HT−1080細胞が自らLPAを合成し、そのLPAによって浸潤が誘導される可能性を考え、LPA依存的に浸潤するMM1細胞をHT−1080細胞の培養上清で懸濁し、中皮細胞に重層して、浸潤が起こるか否かを検討した。HT−1080細胞の無血清培養上清で、1.5×105cells/mlのMM1細胞を懸濁し、in vitro浸潤アッセイを行った結果を表1に示す。

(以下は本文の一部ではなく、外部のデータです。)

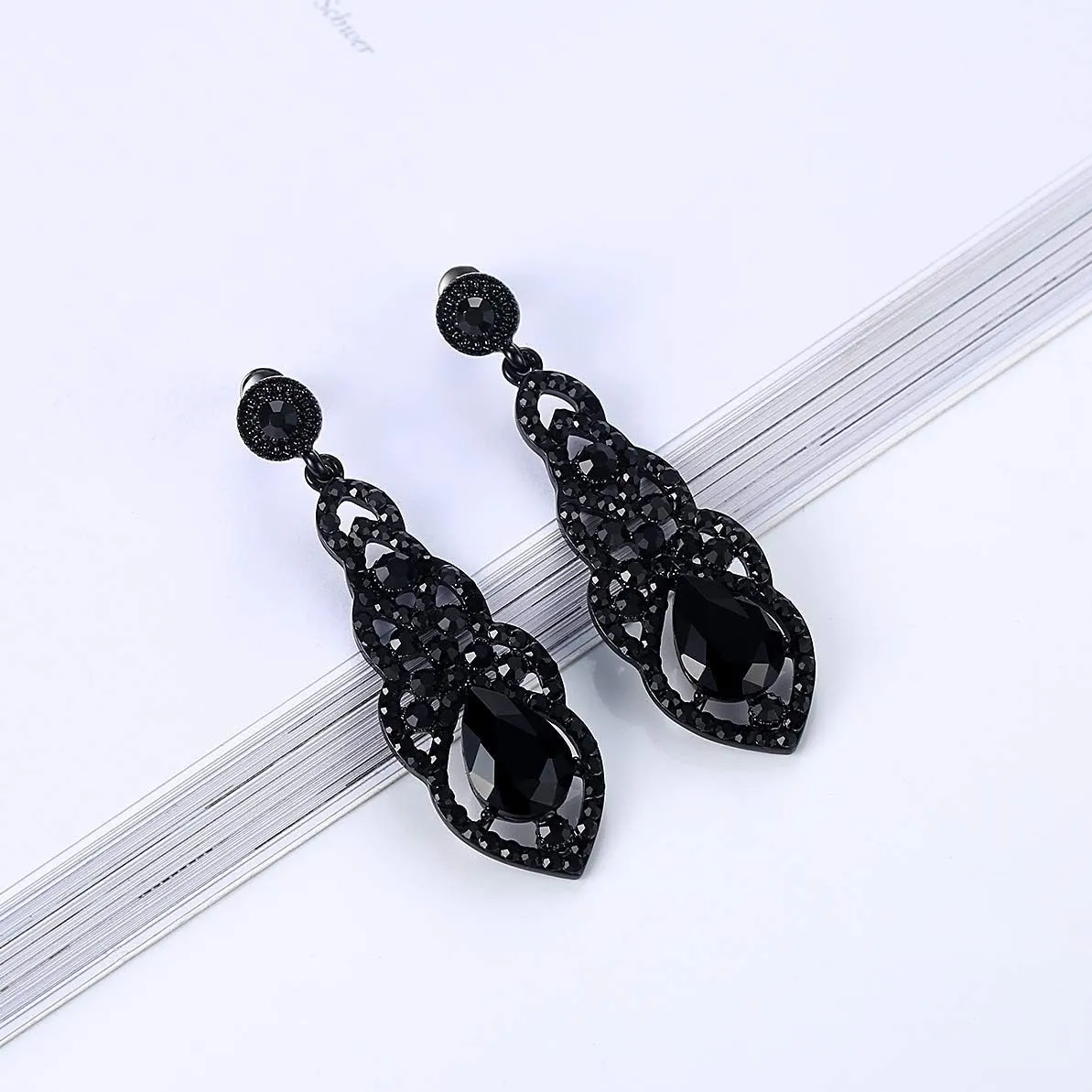mecresh Women's Alloy Teardrop Crystal Chandelier Dangle Earrings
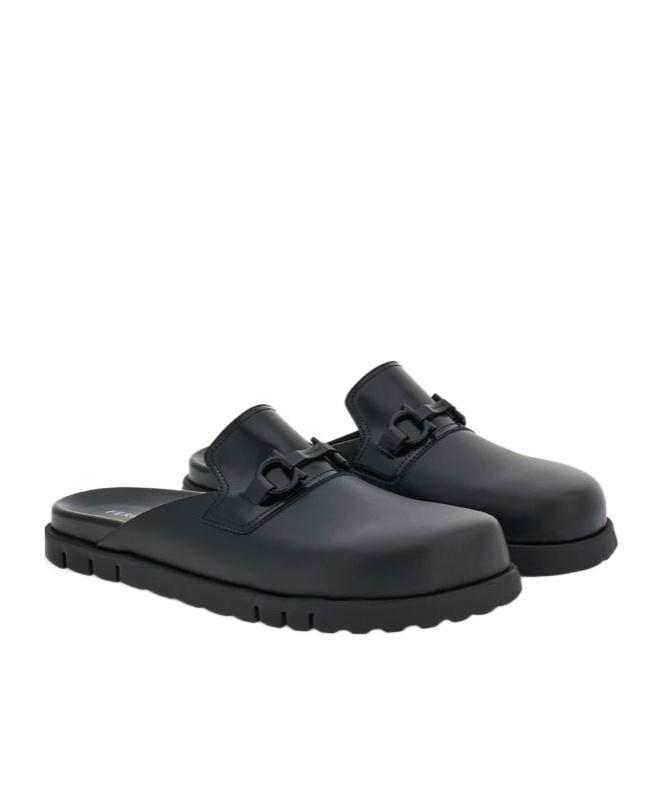 FERRAGAMO Mule With Gancini Ornament In Black Product Image
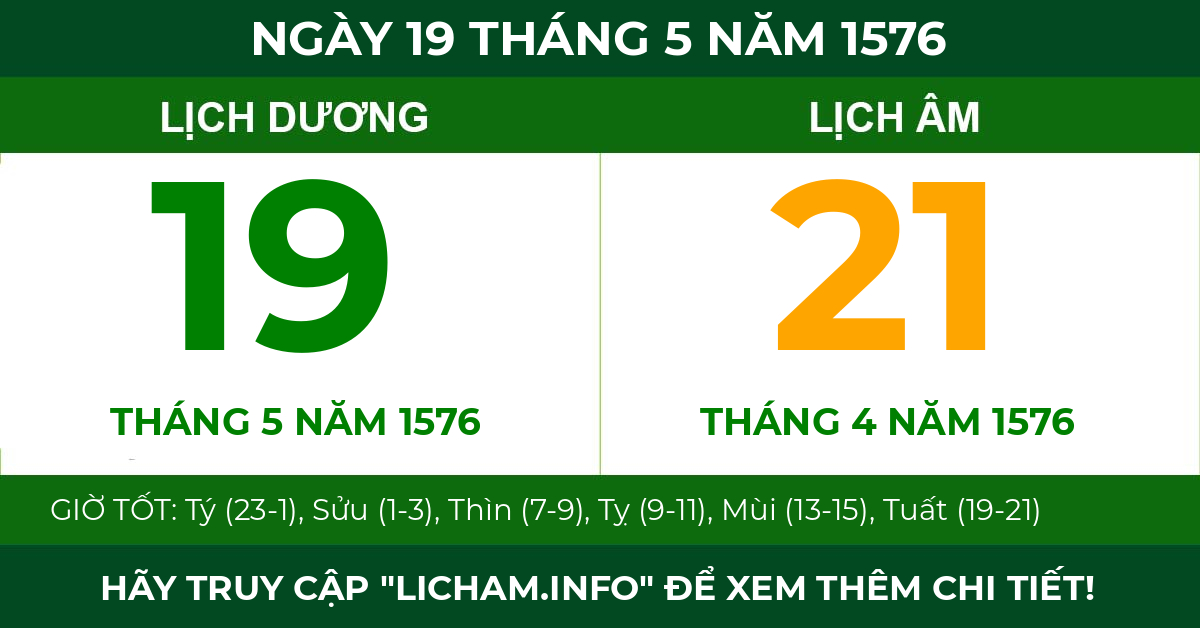 lịch âm ngày 19 tháng 5 năm 1576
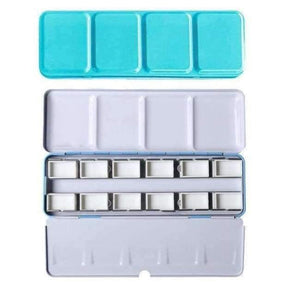 Planet Gates 12fullpan green box Empty Watercolor Paints Tins Box with 12 Pcs Full Pans and 24 Half Pans For Art Painting Palette Supplies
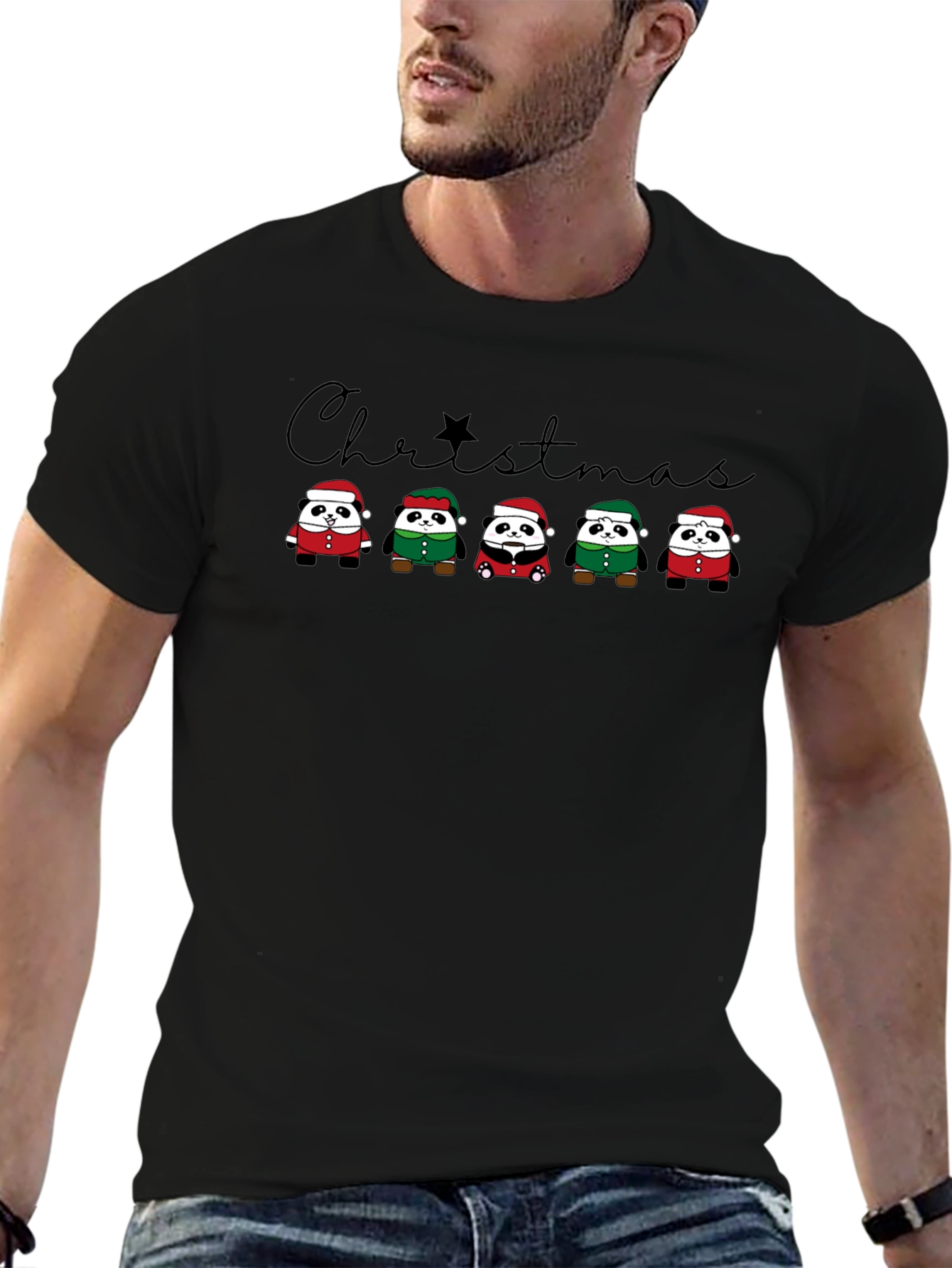 Christmas Panda T-Shirt Cute Holiday Apparel
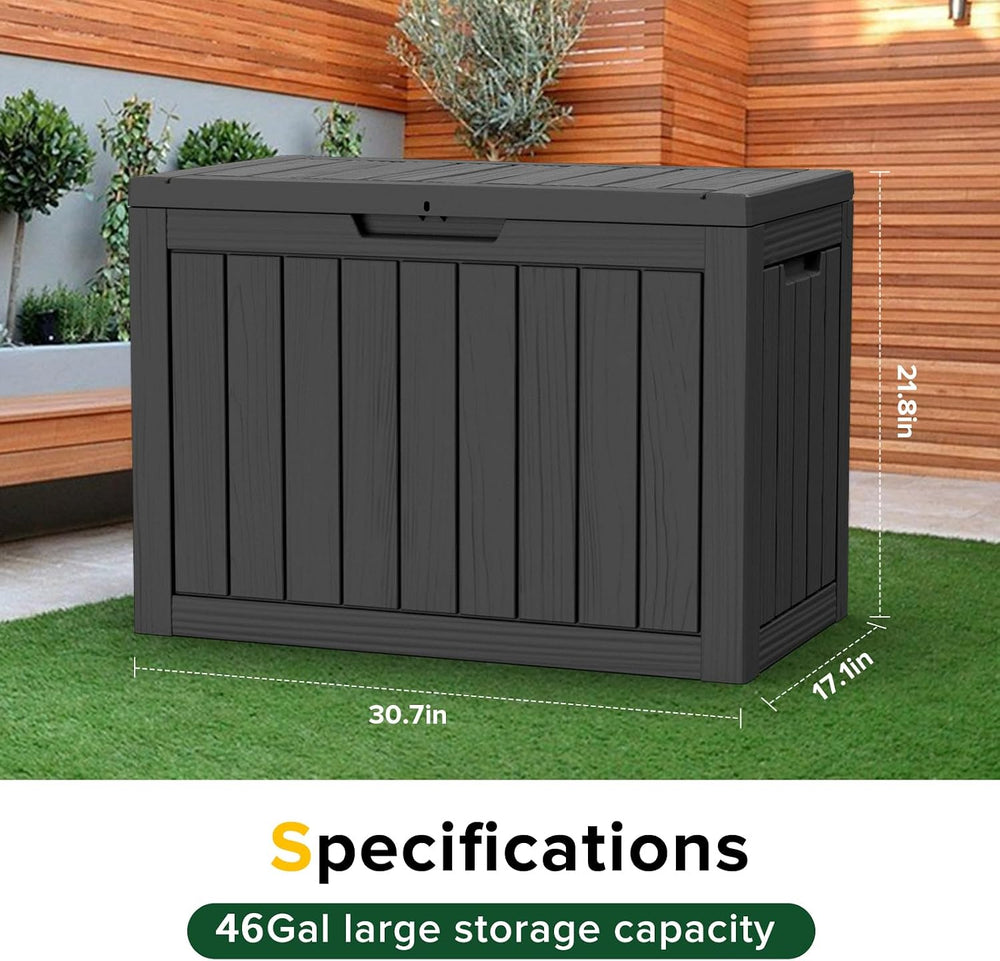 46 Gallon Outdoor Deck Box, Lockable Waterproof Outdoor Storage Boxes For Gar...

その結果、MM1細胞の浸潤は促進されず(表1)、また、HT−1080細胞を用いたin vitro浸潤アッセイ系に、25μMのLPAを添加してみても、浸潤がより促進されることはなかった。これらのことから、HT−1080細胞の浸潤促進因子はLPAとは別のものであることが示唆された。
実施例3:cPAによる浸潤抑制のシグナル伝達系の解析
(A)材料及び方法
細胞内cAMP濃度を上昇させる試薬の、浸潤に対する影響
cAMP合成酵素であるアデニル酸シクラーゼを直接活性化するForskolin(Wako)、アデニル酸シクラーゼを活性化するGタンパク質(Gs)の不活性化を妨げるコレラ毒素(CTX、Cholera Toxin)(GIBCO BRL)、膜透過性で、細胞内に入ってcAMPと同様の働きをするBt2cAMP(nacalai tesque)、cAMP分解酵素であるホスホジエステラーゼを阻害するイソブチルメチルキサンチン(IBMX、3−isobutyl−1−methylxanthine)(SIGMA)を、in vitro浸潤アッセイ系に添加し、25μM LPA存在下でMM1細胞の浸潤に対する影響を調べた。
細胞内cAMPの測定
無血清培地中のMM1細胞を1mMのIBMXで10分間前処理した後、25μMのLPAまたはcPA、ポジティブコントロールとして、浸潤を抑制することが確認された10μMのForskolinを添加し、一定時間後、10%氷冷TCAを加えて反応を止めた。遠心した上清を、water−saturated diethyletherで4回洗ってTCAを除き、60℃の窒素ガス流下で溶媒を全てとばし、得られたサンプル中のcAMPを、Cyclic AMP[3H]assay system(Amersham)を用いて測定した。
(B)結果と考察
細胞内cAMP濃度の上昇が、癌細胞の浸潤に与える影響
細胞内cAMP濃度の上昇が、cAMP−dependent protein kinase Aの活性化を介して低分子量Gタンパク質の一つであるRhoの活性を阻害することが知られている(Laudanna,C.,他,J.Biol.Chem.272,24141−24144(1997);及びDong,J−M.,他,J.Biol.Chem.273,22554−22562(1998))。また、Pal−cPAが、MM1細胞の細胞内cAMP濃度の上昇を導くことが報告されている(Mukai,M.,他,Int.J.Cancer 81,918−922(1999))。このことから、Rhoを介することが明らかになっているLPA誘導性の浸潤に対するcAMPの影響を調べた。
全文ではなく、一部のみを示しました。